Les data centers présentent de gros gisements de chaleur fatale. En 2020, le potentiel de chaleur fatale récupérable via les data centers était estimé à 1 TWh, soit 100 000 équivalents logements. En 2030, compte tenu de l’augmentation du nombre de data centers, le potentiel de chaleur fatale récupérable pourrait représenter 3,5 TWh.
C’est pourquoi la directive européenne sur l’efficacité énergétique (directive (UE) 2023/1791) exige que les centres de données de plus de 1 MW valorisent leur chaleur fatale, sauf si cela n’est pas viable techniquement ou économiquement. En parallèle, tout comme le Code de Conduite de l’Union européenne pour l’efficacité énergétique des data centers, la norme, non-obligatoire, « Installation et infrastructure de centre de traitement de données » (ISO 50600-2-1 juillet 2021) intègre désormais les synergies énergétiques territoriales.

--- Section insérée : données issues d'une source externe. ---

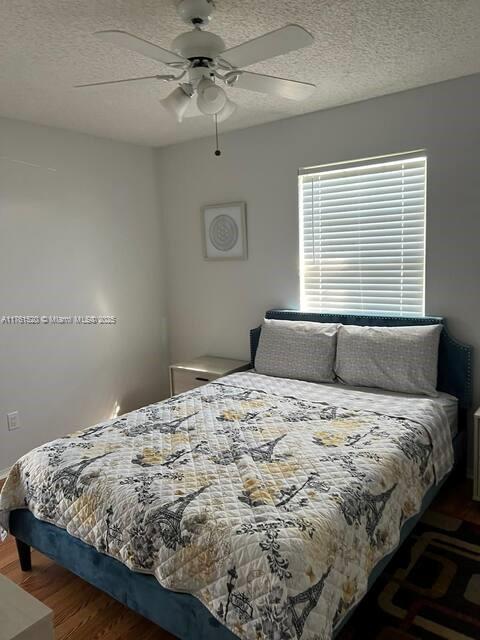 bedroom with a textured ceiling, a ceiling fan, and wood finished floors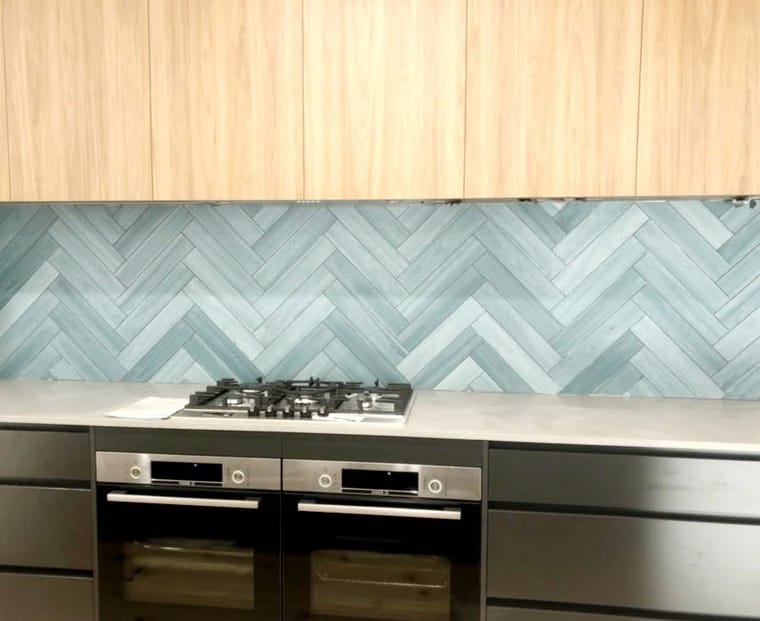 Herringbone glass splashback behind the cooktop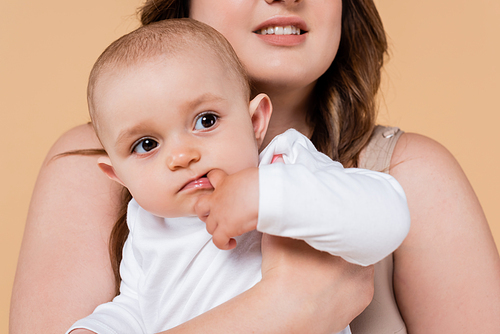 Plus size woman holding baby daughter isolated on beige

Les exploitants de data center doivent donc travailler main dans la main avec les demandeurs de chaleur locaux. Et en particulier les collectivités locales, EPCI ou syndicats d’énergie, qui « portent la compétence de création et d’exploitation d’un réseau public de chaleur et de froid », pour intégrer la chaleur fatale que leurs sites génèrent dans les stratégies énergétiques territoriales.

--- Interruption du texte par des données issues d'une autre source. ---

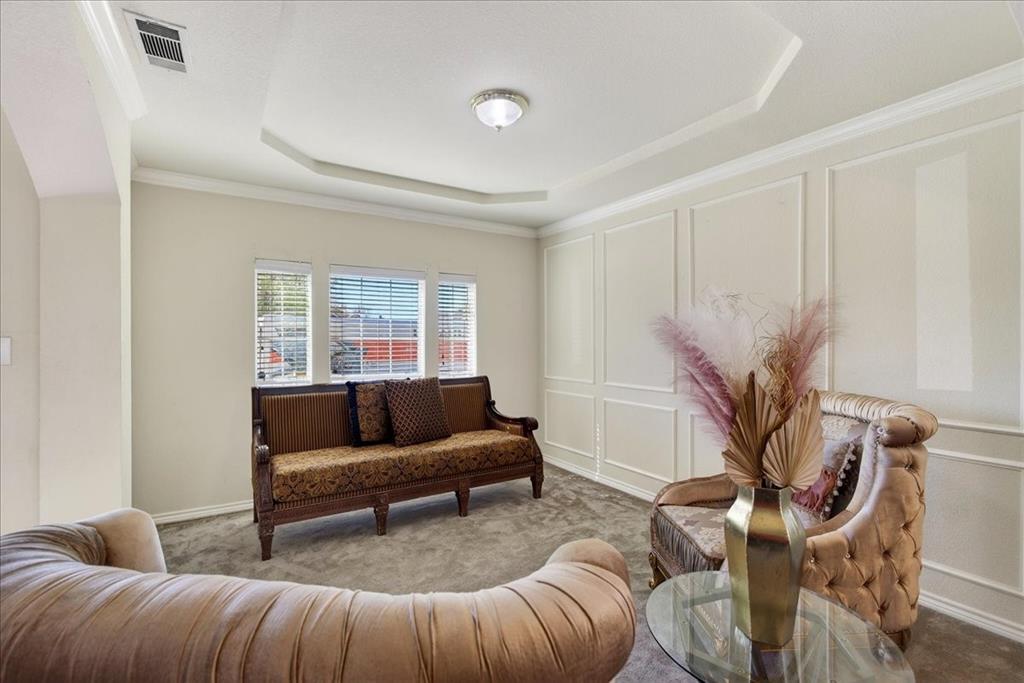 7308 Hawk Lane Sachse, TX 75048 - Photo 5 of 37 a living room with furniture and a potted plant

La communication, socle du succès d’un projet de récupération de la chaleur fatale
Pour faire se rencontrer leurs enjeux et contraintes (économiques, réglementaires…) respectifs, les exploitants de data centers et les représentants des collectivités territoriales doivent s’engager dans la durée dans un processus de co-construction de projets basés sur le dialogue, la compréhension mutuelle et la transparence. Car, qu’il s’agisse de la création d’un réseau de distribution de chaleur ou d’un data center, plusieurs années de planification et de réalisation sont nécessaires.
Ces projets, qui tiennent donc plus de la course de fond que du sprint, démarrent dans tous les cas par un état des lieux à dresser. Du côté des collectivités, il s’agit d’identifier les besoins de chaleur sur le territoire et d’évaluer le potentiel de récupération de chaleur fatale des data centers (ou autres producteurs) déjà présents sur le territoire, ou en projet. Les exploitants de data centers de leur côté, dans un souci de synergie avec leur territoire d’implantation, doivent tout d’abord quantifier la chaleur fatale valorisable, et évaluer la température en entrée et en sortie. Ce qui aidera aussi les collectivités à identifier les usages possibles.
Quant à l’implantation de nouveaux data centers, ces échanges en amont permettront aussi d’optimiser le futur emplacement en fonction des potentiels d’utilisation de la chaleur fatale sur le territoire, tout en tenant compte, bien sûr, de la nécessaire proximité des réseaux électriques et télécoms, pour alimenter le data center.
Pour finir, une convention d’échange de chaleur permettra de contractualiser la vente ou la mise à disposition d’énergie du producteur de chaleur auprès du réseau public (ou sous concession) du territoire.